An operation keyword could imply that more or fewer inputs are needed than
in the "standard" operation.

An operation keyword could imply that extra invocation options or
environment settings are needed. The Committee could push responsibility to
the processor developer to provide a script/batch mechanism to take values
from standardized data and map them to the specific syntax of their
processor. The part below shows the connection to the data that the
script/batch mechanism would apply. This is essentially a special-purpose
input file. The most likely formats are:
(1) (type) name=value [new-line delimits?]
(2) a simple XML element with name and type attributes
There should be allowance for simple options, such as a one-word option
that can be present on the command line.

<!-- This needs further design. Assume it designates an input file. -->
<!-- This value is only relevant when the operation keyword is of certain
values -->
<!ELEMENT param-set ANY >

We also want to be able to test that a message was issued (as in
xsl:message) and that an error was issued. The "console" element will be
used to designate strings that must be present in either the standard
output or standard error stream. (The test lab would be responsible for
setting up capture of the console output.) The compare keyword "message"
can designate that, when running this test, capture the standard/error
output into a file, and ignore the file output one would normally check.
The Committee may need compare keywords like "message-HTML" to say that
both the console output and an HTML file must be compared. For console
output, the test of correctness is to grep for the designated string in the
captured output stream. If a tester wished, they could get actual error
message strings from the processor developer and refine the test harness to
search for those exact messages in error output. In that case, the string
in the console element is used as an indirect reference to the actual
string.

<!-- should contain actual error report output string,
  or could be pointer to another file containing such strings.
  Less desirable: description of the problem. -->
<!ELEMENT console ( #PCDATA ) >

A compare value of "manual" would be used sparingly, for output whose
format must meet constraints but whose actual data is only known on the
fly. (Examples: fetch current time, generate random numbers.) Additional
"scenario" keywords can be devised as necessary, but OASIS should control
the naming. The Committee might want to allow names beginning with a
specific letter to be local to particular test labs. For example, we would
reserve all names beginning with "O-" and instruct the test labs that they
should put their name as the next field, then another hyphen, then their
local scenario keywords (e. g., O-NIST-whatever) that allow them to set up
local conditions (e.g., use of APIs) as needed.

HOW IT WORKS
When rendering a specific instance of the test suite, a test case can be
excluded on any one of the following bases:
A discretionary item of a given name is set to a different value.
A gray-area item of a given name is set to a different value.
The spec-citation/Version value on the test case is numerically larger than
what the processor implements. (This could be for any spec named, not just
XSLT.)
There is a spec-citation for a spec (e.g., XBase) that the processor claims
not to implement.
The test lab wishes to test against an errata level that is numerically
lower than the errata-add or higher than the errata-drop for a spec.
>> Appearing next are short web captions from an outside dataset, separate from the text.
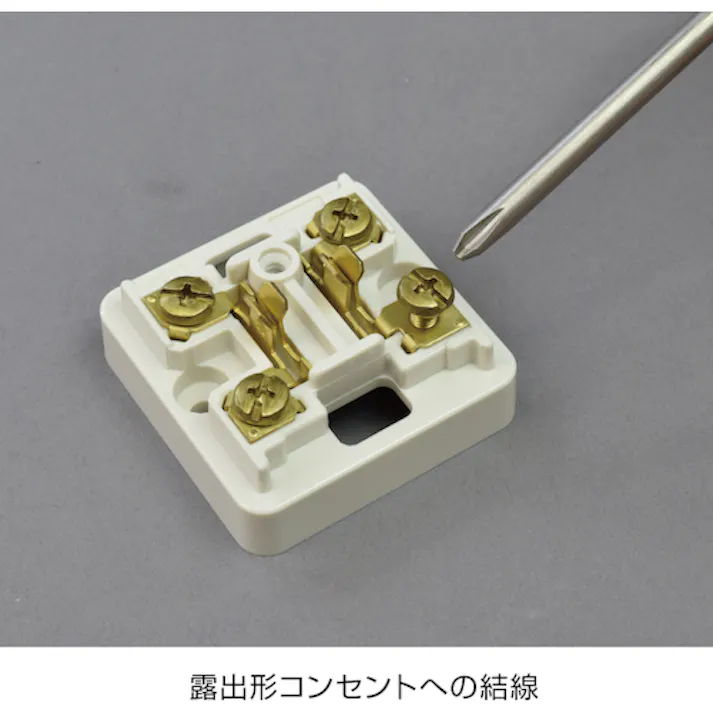 【CAINZ-DASH】ホーザン 電気工事士技能試験 工具セット DK-26【別送品】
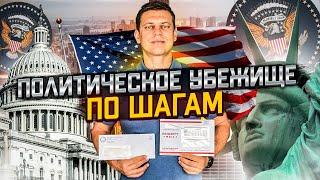 Политическое убежище в США / Лос Анджелес / Переезд в Америку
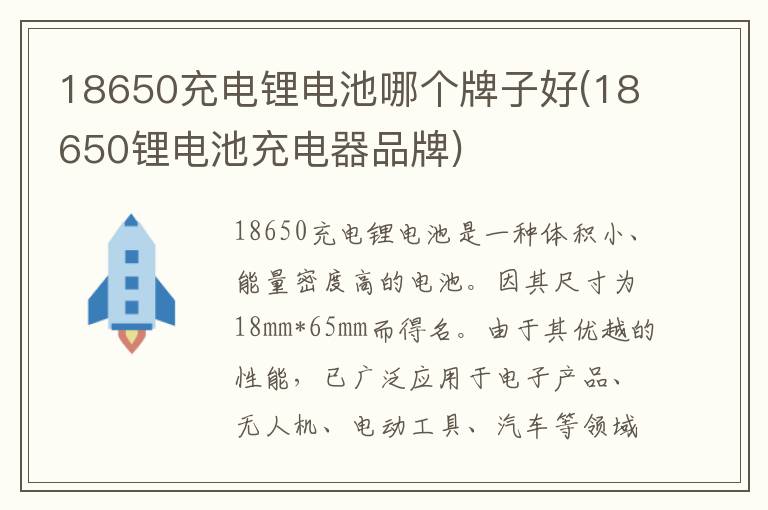 18650充电锂电池哪个牌子好(18650锂电池充电器品牌)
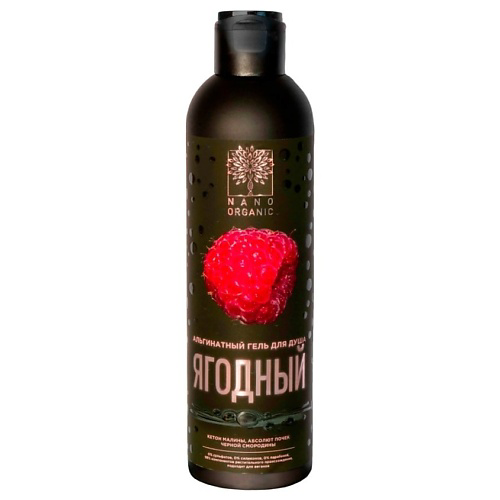NANOORGANIC Гель для душа альгинатный. Ягодный 270 #1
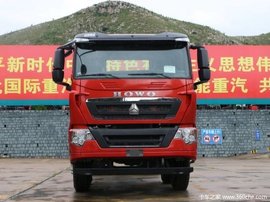 仅售45.4万 上海集鑫重汽自卸优惠促销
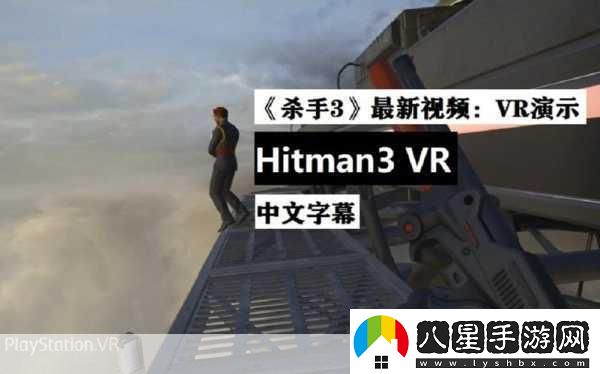 殺手3VR版震撼預告來(lái)襲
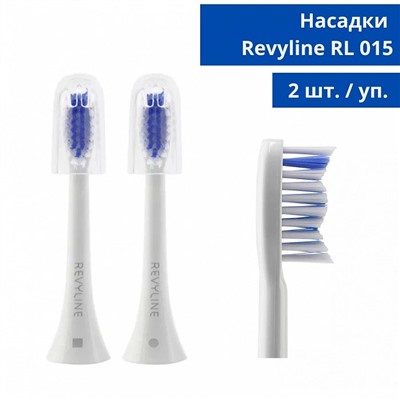 Насадки для Revyline RL 015 Белые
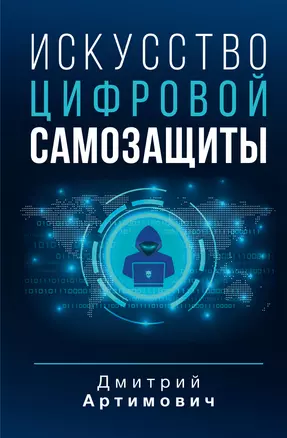 Искусство цифровой самозащиты — 2993061 — 1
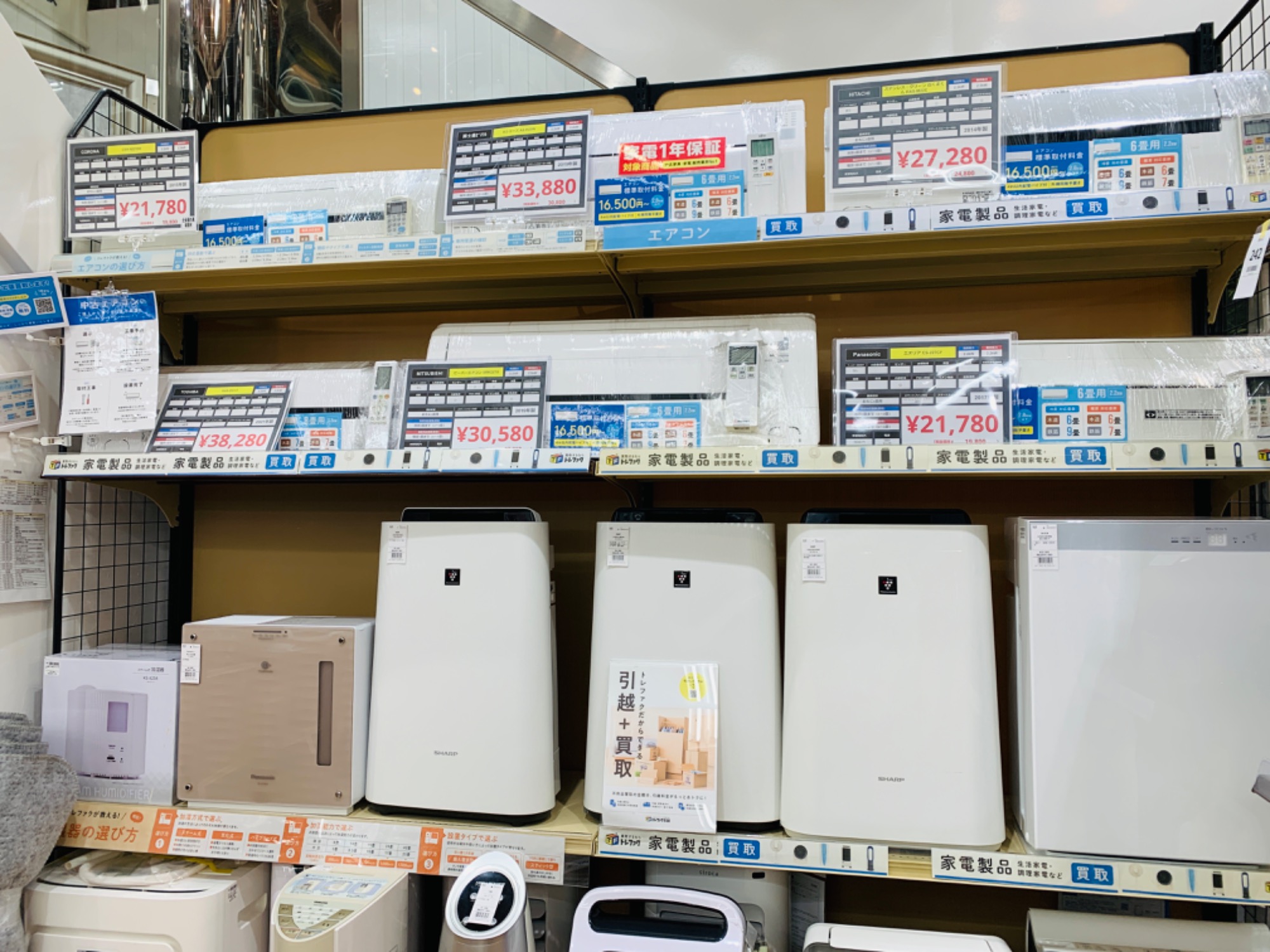 家電買取20％UPキャンペーン開催中！】エアコンを買うならトレファク 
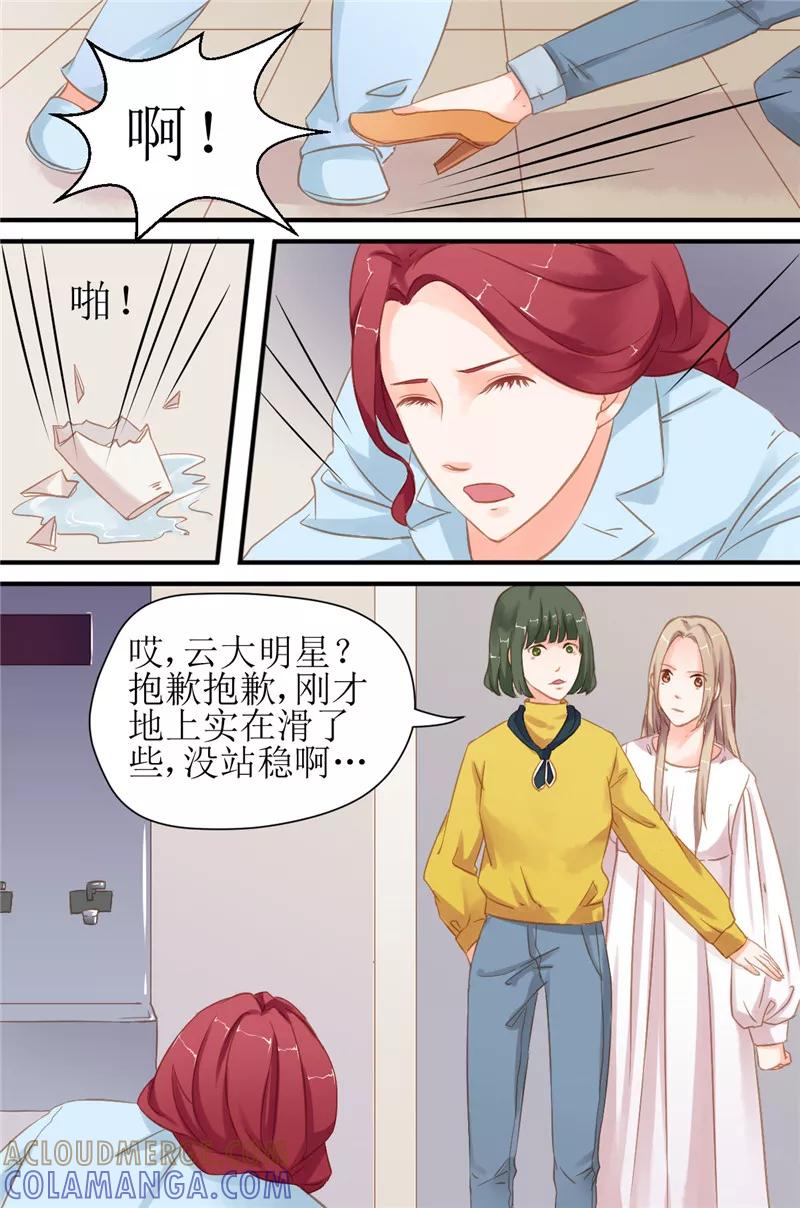 第12话洛冰，你什么时候变得这么不温柔了！-前妻，别来无恙-书丛漫画（第7张）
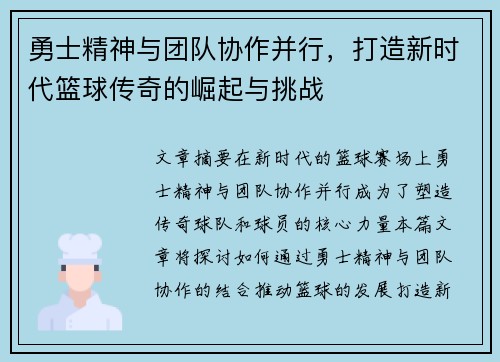 勇士精神与团队协作并行，打造新时代篮球传奇的崛起与挑战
In the
former case, there should be a cross-check against gray-area items.
Thus, it is the "user" (test lab) who renders a test suite by deciding
which spec version and errata level they wish to test, and by specifying
the settings of the discretionary and gray-area items they know. Before
running the specific rendition, they must ascertain how they will handle
those tests that run in special scenarios, taking into account the
operating system where the tests will run and processor-specific input and
output design.

Note that the test suite itself is not filtered by scenario values. The
test lab may wish to devise a harness that can be configured to exclude
certain scenarios from some runs, but I think we want to encourage testing
and reporting against the full range of scenarios.

When a test case is included, it is run according to the values in the
<scenario> element. If inputs are specified, they are marshalled as
necessary. If no inputs are specified, default rules are applied (if
defined by the Committee). In some scenarios, special steps must be taken
to capture the output. In the standard scenarios, if no outputs are
designated, default rules are applied (if defined by the Committee).